Captioning the Archives: A Conversation in Photographs and Text
Aisha Sabatini Sloan. McSweeney’s, $30 (248p) ISBN 978-1-9521-1915-6
Through arresting interviews with her father, former Newsweek photographer Lester Sloan, essayist Aisha Sloan (The Fluency of Light) celebrates over 100 of his famous images and the stories behind them. While Lester’s photographs are breathtaking on their own, his commentary, prompted by questions from Aisha, enhances the depth of each as he interprets them anew with his daughter. When Aisha asks about an image of a cow carcass decaying on a Navajo reservation, the answer Lester offers is soulful: “This cow might have died because he... got hit by a car.
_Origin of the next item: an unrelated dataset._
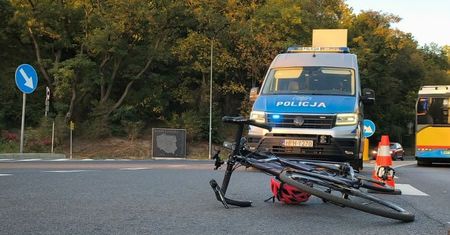 Dwa wypadki z udziałem rowerzystów w Płocku. Dwie osoby trafiły do szpitala. Policja ostrzega!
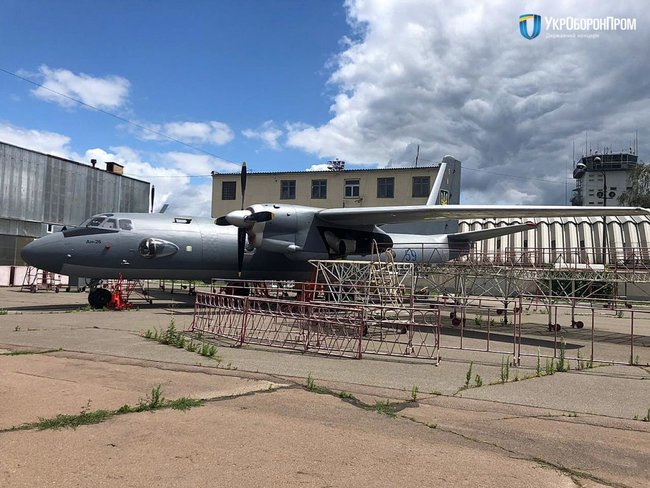 Авіаремонтний завод за тиждень відновив пошкоджений Ан-26 для ЗСУ 02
But in a way to me it symbolized how we treated the people who lived on this land.” From a photo of Harrison Ford casually sipping coffee to a tailor diligently working in Tijuana, a wide spectrum of the human condition is evocatively captured, but Lester’s work is at its most moving in the subtle yet haunting ways it confronts racism and injustice. With an image of a crowd at the Olympics, for instance, Lester implores: “what is the point of saying ‘it’s not about politics’ when it’s always us against them, or us against the world?” Insightful, inquisitive, and full of vivid photographs, this powerful work is as beautiful as it is galvanizing. (Nov.)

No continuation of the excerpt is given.